(Stored records)
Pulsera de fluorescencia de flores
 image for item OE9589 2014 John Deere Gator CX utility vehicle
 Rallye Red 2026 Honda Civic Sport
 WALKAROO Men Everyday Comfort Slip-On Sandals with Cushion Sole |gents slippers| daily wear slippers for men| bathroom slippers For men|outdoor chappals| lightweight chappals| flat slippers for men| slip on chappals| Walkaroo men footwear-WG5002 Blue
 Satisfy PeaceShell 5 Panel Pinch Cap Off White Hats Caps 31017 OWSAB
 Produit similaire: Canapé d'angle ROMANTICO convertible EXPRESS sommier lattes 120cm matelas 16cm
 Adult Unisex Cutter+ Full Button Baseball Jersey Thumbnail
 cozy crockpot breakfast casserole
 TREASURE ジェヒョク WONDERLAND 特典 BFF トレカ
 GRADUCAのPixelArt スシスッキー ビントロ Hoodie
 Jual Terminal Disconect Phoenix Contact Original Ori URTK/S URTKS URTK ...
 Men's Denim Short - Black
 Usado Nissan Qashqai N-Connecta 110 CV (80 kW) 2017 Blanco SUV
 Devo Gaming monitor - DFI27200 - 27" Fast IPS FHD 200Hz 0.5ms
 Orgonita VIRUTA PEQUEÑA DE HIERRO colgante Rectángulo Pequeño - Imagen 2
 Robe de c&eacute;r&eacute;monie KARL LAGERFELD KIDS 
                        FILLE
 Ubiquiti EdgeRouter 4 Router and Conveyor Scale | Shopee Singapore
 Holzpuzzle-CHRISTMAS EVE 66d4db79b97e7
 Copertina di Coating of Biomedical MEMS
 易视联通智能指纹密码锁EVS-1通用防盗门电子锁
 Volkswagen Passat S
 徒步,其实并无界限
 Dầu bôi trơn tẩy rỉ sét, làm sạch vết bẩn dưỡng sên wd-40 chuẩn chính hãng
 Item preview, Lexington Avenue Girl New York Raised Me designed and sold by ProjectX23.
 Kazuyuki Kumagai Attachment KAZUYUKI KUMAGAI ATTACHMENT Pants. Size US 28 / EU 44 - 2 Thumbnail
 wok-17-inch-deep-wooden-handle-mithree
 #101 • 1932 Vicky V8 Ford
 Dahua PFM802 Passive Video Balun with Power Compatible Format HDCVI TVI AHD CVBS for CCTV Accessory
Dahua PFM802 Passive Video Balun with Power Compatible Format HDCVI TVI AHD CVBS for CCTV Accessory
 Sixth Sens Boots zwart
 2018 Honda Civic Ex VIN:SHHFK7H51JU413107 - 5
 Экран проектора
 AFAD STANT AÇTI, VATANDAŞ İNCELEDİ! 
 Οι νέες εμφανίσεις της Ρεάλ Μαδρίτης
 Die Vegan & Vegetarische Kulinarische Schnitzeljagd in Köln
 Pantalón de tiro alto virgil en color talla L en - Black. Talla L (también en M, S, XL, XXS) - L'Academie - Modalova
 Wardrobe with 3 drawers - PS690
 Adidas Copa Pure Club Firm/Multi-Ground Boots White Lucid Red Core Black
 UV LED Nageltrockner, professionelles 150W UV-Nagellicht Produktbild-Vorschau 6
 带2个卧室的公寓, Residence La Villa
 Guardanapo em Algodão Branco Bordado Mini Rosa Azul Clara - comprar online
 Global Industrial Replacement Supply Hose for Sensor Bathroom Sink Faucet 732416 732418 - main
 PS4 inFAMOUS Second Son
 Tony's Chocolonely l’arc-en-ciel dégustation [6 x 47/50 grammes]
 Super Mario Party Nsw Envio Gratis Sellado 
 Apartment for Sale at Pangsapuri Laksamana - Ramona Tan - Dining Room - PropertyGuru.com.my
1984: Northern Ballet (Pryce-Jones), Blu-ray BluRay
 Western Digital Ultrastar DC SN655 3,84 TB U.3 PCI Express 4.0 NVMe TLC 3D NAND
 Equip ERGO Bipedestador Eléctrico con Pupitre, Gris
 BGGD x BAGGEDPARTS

• HOW TO COMPLETE THIS TASK:
No line may be altered or left out when the data is written out.

• RESPONSE:
Pulsera de fluorescencia de flores
 image for item OE9589 2014 John Deere Gator CX utility vehicle
 Rallye Red 2026 Honda Civic Sport
 WALKAROO Men Everyday Comfort Slip-On Sandals with Cushion Sole |gents slippers| daily wear slippers for men| bathroom slippers For men|outdoor chappals| lightweight chappals| flat slippers for men| slip on chappals| Walkaroo men footwear-WG5002 Blue
 Satisfy PeaceShell 5 Panel Pinch Cap Off White Hats Caps 31017 OWSAB
 Produit similaire: Canapé d'angle ROMANTICO convertible EXPRESS sommier lattes 120cm matelas 16cm
 Adult Unisex Cutter+ Full Button Baseball Jersey Thumbnail
 cozy crockpot breakfast casserole
 TREASURE ジェヒョク WONDERLAND 特典 BFF トレカ
 GRADUCAのPixelArt スシスッキー ビントロ Hoodie
 Jual Terminal Disconect Phoenix Contact Original Ori URTK/S URTKS URTK ...
 Men's Denim Short - Black
 Usado Nissan Qashqai N-Connecta 110 CV (80 kW) 2017 Blanco SUV
 Devo Gaming monitor - DFI27200 - 27" Fast IPS FHD 200Hz 0.5ms
 Orgonita VIRUTA PEQUEÑA DE HIERRO colgante Rectángulo Pequeño - Imagen 2
 Robe de c&eacute;r&eacute;monie KARL LAGERFELD KIDS 
                        FILLE
 Ubiquiti EdgeRouter 4 Router and Conveyor Scale | Shopee Singapore
 Holzpuzzle-CHRISTMAS EVE 66d4db79b97e7
 Copertina di Coating of Biomedical MEMS
 易视联通智能指纹密码锁EVS-1通用防盗门电子锁
 Volkswagen Passat S
 徒步,其实并无界限
 Dầu bôi trơn tẩy rỉ sét, làm sạch vết bẩn dưỡng sên wd-40 chuẩn chính hãng
 Item preview, Lexington Avenue Girl New York Raised Me designed and sold by ProjectX23.
 Kazuyuki Kumagai Attachment KAZUYUKI KUMAGAI ATTACHMENT Pants. Size US 28 / EU 44 - 2 Thumbnail
 wok-17-inch-deep-wooden-handle-mithree
 #101 • 1932 Vicky V8 Ford
 Dahua PFM802 Passive Video Balun with Power Compatible Format HDCVI TVI AHD CVBS for CCTV Accessory
Dahua PFM802 Passive Video Balun with Power Compatible Format HDCVI TVI AHD CVBS for CCTV Accessory
 Sixth Sens Boots zwart
 2018 Honda Civic Ex VIN:SHHFK7H51JU413107 - 5
 Экран проектора
 AFAD STANT AÇTI, VATANDAŞ İNCELEDİ! 
 Οι νέες εμφανίσεις της Ρεάλ Μαδρίτης
 Die Vegan & Vegetarische Kulinarische Schnitzeljagd in Köln
 Pantalón de tiro alto virgil en color talla L en - Black. Talla L (también en M, S, XL, XXS) - L'Academie - Modalova
 Wardrobe with 3 drawers - PS690
 Adidas Copa Pure Club Firm/Multi-Ground Boots White Lucid Red Core Black
 UV LED Nageltrockner, professionelles 150W UV-Nagellicht Produktbild-Vorschau 6
 带2个卧室的公寓, Residence La Villa
 Guardanapo em Algodão Branco Bordado Mini Rosa Azul Clara - comprar online
 Global Industrial Replacement Supply Hose for Sensor Bathroom Sink Faucet 732416 732418 - main
 PS4 inFAMOUS Second Son
 Tony's Chocolonely l’arc-en-ciel dégustation [6 x 47/50 grammes]
 Super Mario Party Nsw Envio Gratis Sellado 
 Apartment for Sale at Pangsapuri Laksamana - Ramona Tan - Dining Room - PropertyGuru.com.my
1984: Northern Ballet (Pryce-Jones), Blu-ray BluRay
 Western Digital Ultrastar DC SN655 3,84 TB U.3 PCI Express 4.0 NVMe TLC 3D NAND
 Equip ERGO Bipedestador Eléctrico con Pupitre, Gris
 BGGD x BAGGEDPARTS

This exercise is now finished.